Personal information
- Full name: Oliver Wilkes
- Nationality: British (English)
- Born: 14 July 1995 (age 31)

Sport
- Country: Great Britain
- Sport: Rowing
- Event: Fours
- Club: Oxford Brookes University Boat Club

Medal record
Men's rowing
Representing Great Britain
Olympic Games
| Bronze medal – third place | 2024 Paris | Coxless four |
World Championships
| Gold medal – first place | 2023 Belgrade | Coxless four |
European Championships
| Gold medal – first place | 2023 Bled | Coxless four |
| Gold medal – first place | 2024 Szeged | Coxless four |

= Oliver Wilkes (rower) =

British rower (born 1995)

Oliver Wilkes (born 14 July 1995) is a British rower. He won a bronze at the 2024 Paris Olympics in the coxless four.

==Career==
Wilkes learnt to row at the Liverpool University Boat Club while we was attending the University of Liverpool. Before moving and rowing at the University of Edinburgh.

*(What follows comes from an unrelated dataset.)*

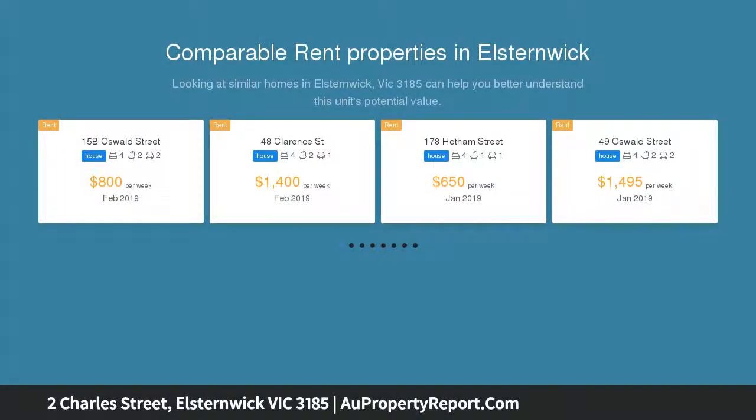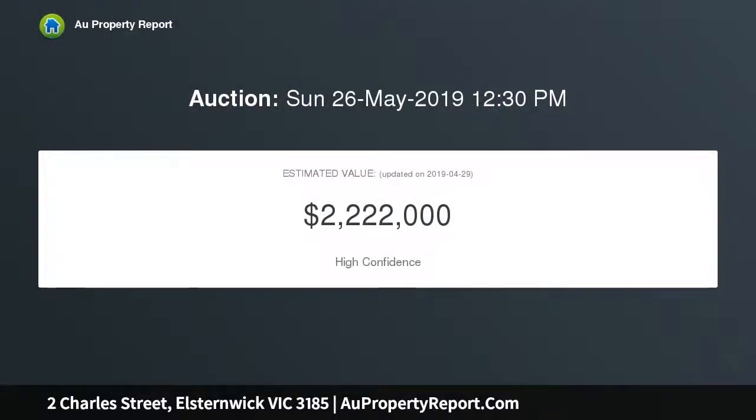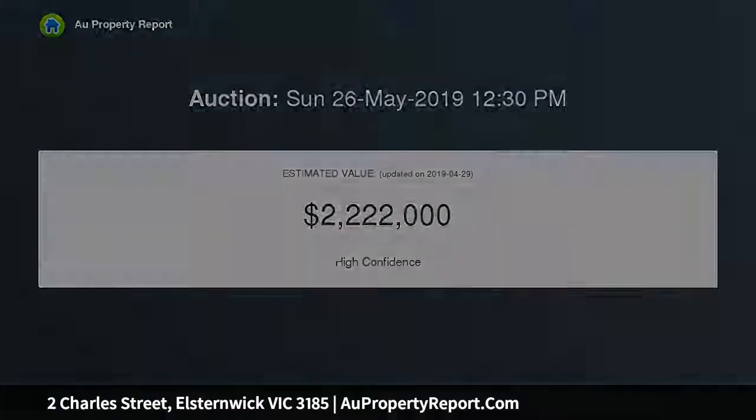Sitting proudly yet subtly on a 528 square metre corner block (approximate title dimensions), this 1950s double brick single-level residence has been creatively extended by an architect using recycled bricks from the former garage, retaining and enhancing its authenticity, and offering fabulous scope for further renovation and enhancement.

Wilkes came to prominence after winning the silver medal in the coxed four, at the 2017 World Rowing U23 Championships in Plovdiv. Wilkes later won a gold medal at the 2023 European Rowing Championships.

At the 2023 World Rowing Championships in Belgrade, he won a World Championship gold medal in the men's coxless four. He won a bronze at the 2024 Paris Olympics in the coxless four.